A branching process $Z$ is said to be non conservative if it hits $\infty$ in a finite time with
positive probability. It is well known that this happens if and only if the branching mechanism $\varphi$
of $Z$ satisfies $\int_{0+}d\lambda/|\varphi(\lambda)|<\infty$. We construct on the same
probability space a family of conservative continuous state branching processes $Z^{(\varepsilon)}$,
$\varepsilon\ge0$, each process $Z^{(\varepsilon)}$ having
$\varphi^{(\varepsilon)}(\lambda)=\varphi(\lambda+\varepsilon)-\varphi(\varepsilon)$ as branching
mechanism, and such that the family
$Z^{(\varepsilon)}$, $\varepsilon\ge0$ converges a.s. to $Z$, as $\varepsilon\rightarrow0$. Then we
study the speed of convergence of $Z^{(\varepsilon)}$, when $\varepsilon\rightarrow0$, referred
to here as the explosion speed.

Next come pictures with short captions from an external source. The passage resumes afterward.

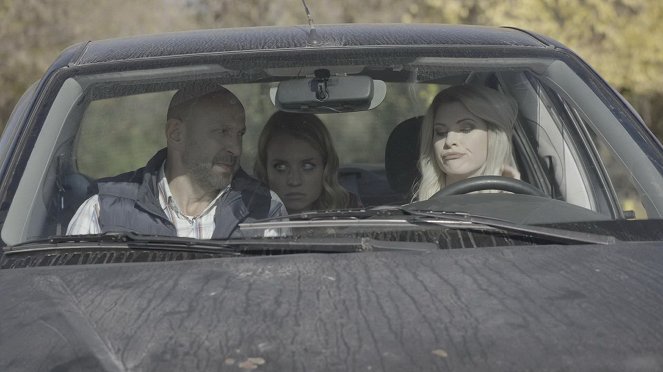 Drága örökösök - Season 3 - Sofőr kerestetik - Filmfotos - Ferenc Lengyel, Anna Laura Kiss, Angelika Tóth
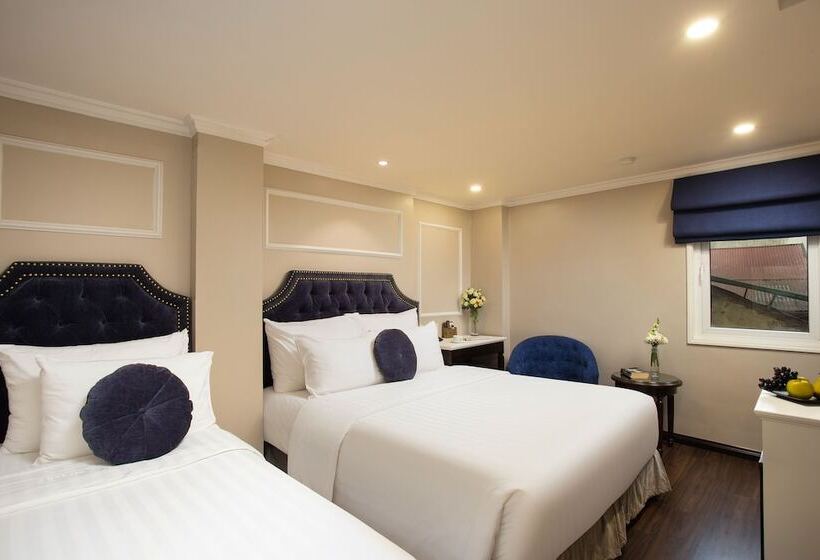 اتاق لوکس سه تخته, Flora Centre Hotel & Spa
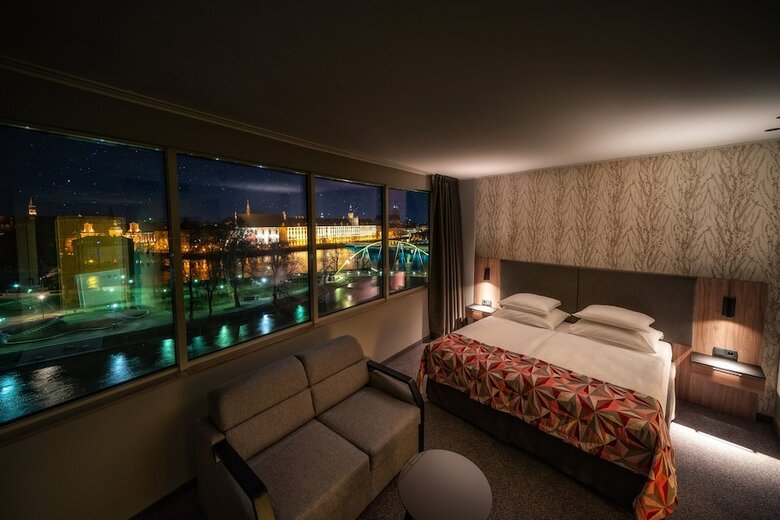 Hotel Hp Park Plaza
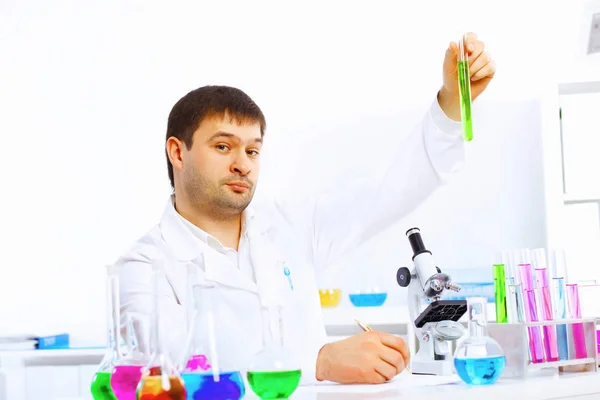 Joven Científico Masculino Trabajando Con Líquidos Laboratorio — Foto de Stock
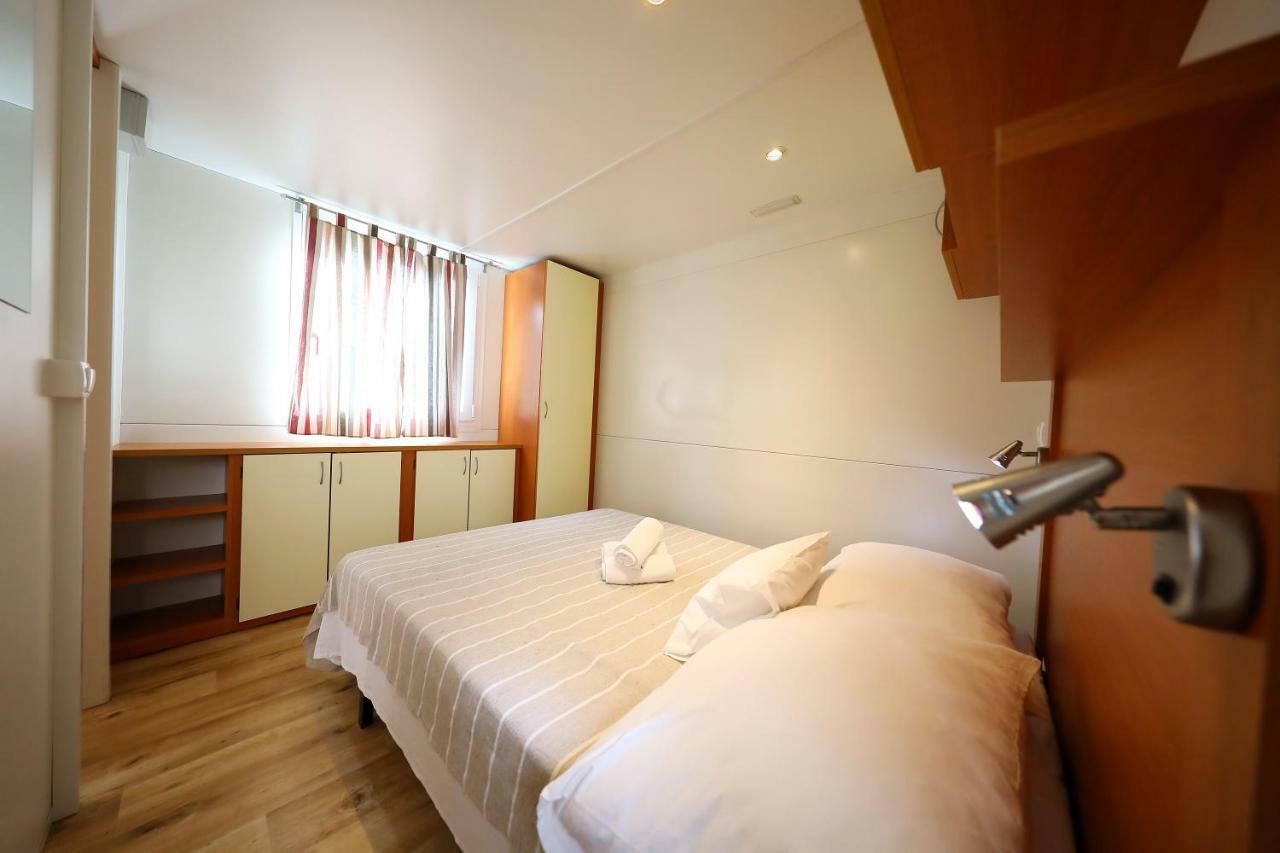 Mobile Home Grbe Nin Zewnętrze zdjęcie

More specifically, we characterize the functions $f$ with
$\lim_{\varepsilon\rightarrow0} f(\varepsilon)=\infty$ and such that the first passage times
$\sigma_\varepsilon=\inf\{t:Z^{(\varepsilon)}_t\ge f(\varepsilon)\}$ converge toward the explosion time
of $Z$. Necessary and sufficient conditions are obtained for the weak convergence and convergence
in $L^1$. Then we give a sufficient condition for the almost sure convergence.
This is a joint work with my PhD student Cl\'ement Lamoureux.